Today’s Revising Comments To Myself And/Or The Manuscript
I’m doing these, in case anyone is curious, to make revising a little less tedious and boring. Today I will not be revising No More Lies, however. I will be revising a short story about a horribly unloved cat (Her people won’t let her on the counter and the dog kisses her! Can you imagine such a terrible life?!) that I’ll probably post in a few days.

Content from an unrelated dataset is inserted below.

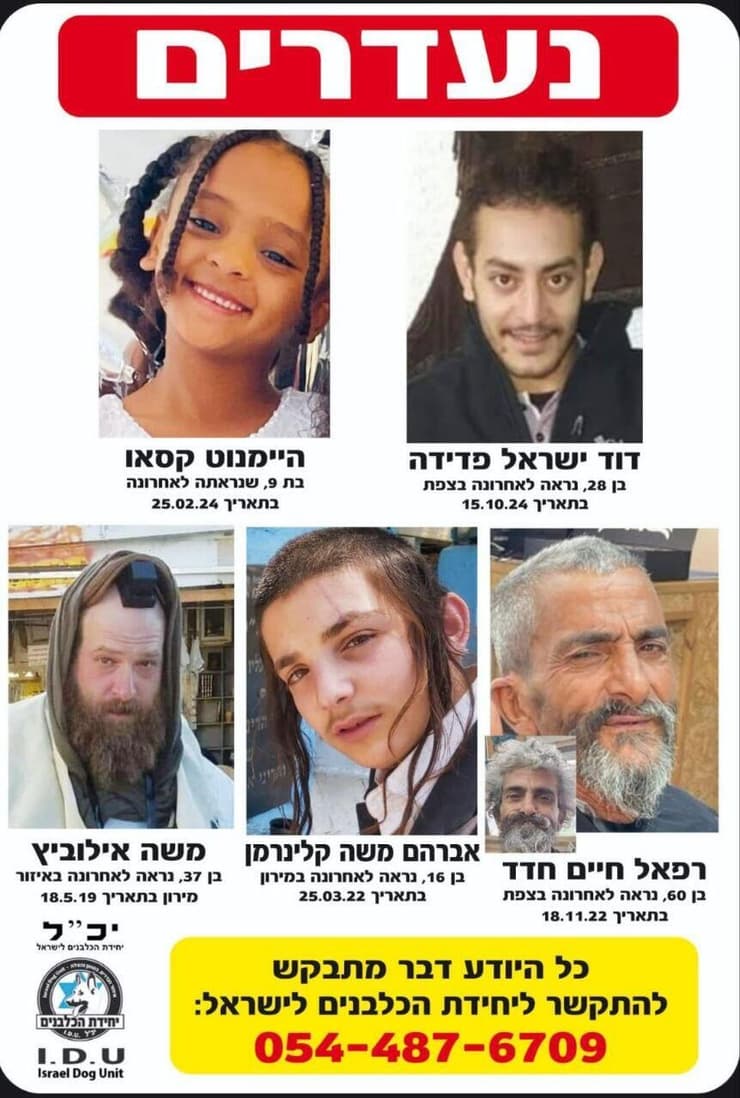 חיפושים אחר משה אליעזר אילוביץ, היימנוט קסאו, מוישי קליינרמן, רפאל חיים חדד ו דוד ישראל פדידה באזור מירון ו צפת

Yes, it’s silly.
“Oops.” (I used Undo one time too many and undid pasting the text into a new document.)
“The . . .”
“Zuh-rill-ee-uh.” (I suddenly couldn’t be sure the cat’s name was spelled in a way that made the pronunciation clear, so I had to say it slowly.)

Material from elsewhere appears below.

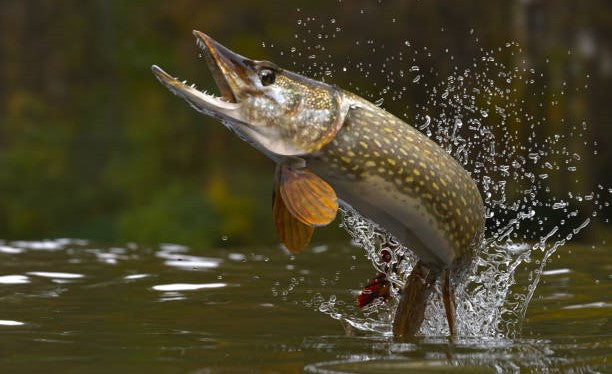 Pesca Sportiva al luccio: Tecniche e attrezzatura consigliata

“What the hell is going on now?!” (Okay, this one was more at the computer than the manuscript, but since it looked like my word processor might’ve suddenly locked up for no fucking reason, it counts.)
And that’s it for that story. That hardly took any work. This either means I wrote a pretty clean first draft — possible, it’s barely over 1000 words so there’s not much room to make mistakes — or I missed a lot of really obvious shit.
So, moving on to one of my favorite bits of No More Lies:
“Oh, I spelled that right!” (Associate. It looks wrong.)
Lots of sighing because my timeline in this bit is tying my brain in a knot.
“Ow, that sentence!”
“‘Around’, yeah.”
“‘Was’, ‘was‘, what the hell?!”
I laughed very hard at this bit, which is just . . . this is Bobby at the beginning of this story, in a nutshell:
I was trying to figure out what to do with a bra I’d just found in my couch. And wondering whose it was. I couldn’t remember the last time I’d had a woman over.
“Argh!”
“‘Staring to sound’ . . .?”
“I love Bobby.”
“Done?”
(Conversation with cat: “Would you not grab my lips while I’m talking?!” “Mrowwww!!” I think that means “Fuck you, I’ll grab what I want.”)
“Argh!”
“‘Her tone’, no.”
“‘Despite’ . . . yeah, ‘despite being a drug dealer.'”
“Yeah.”
No, I was wrong. This is early story Bobby in a nutshell. This is his girlfriend he’s talking to here:
“I’m not going to catch any rare, communicable, incurable diseases from your bathroom, right?” She sounded sincerely worried. That hurt some.
I decided to try to put her at ease by making her laugh. “None that you haven’t already caught from me,” I said with a smirk.
And now I’m at the end of a scene and tired of the cat grabbing my mouth every time I read a bit aloud to make sure it works, so I’m done for now.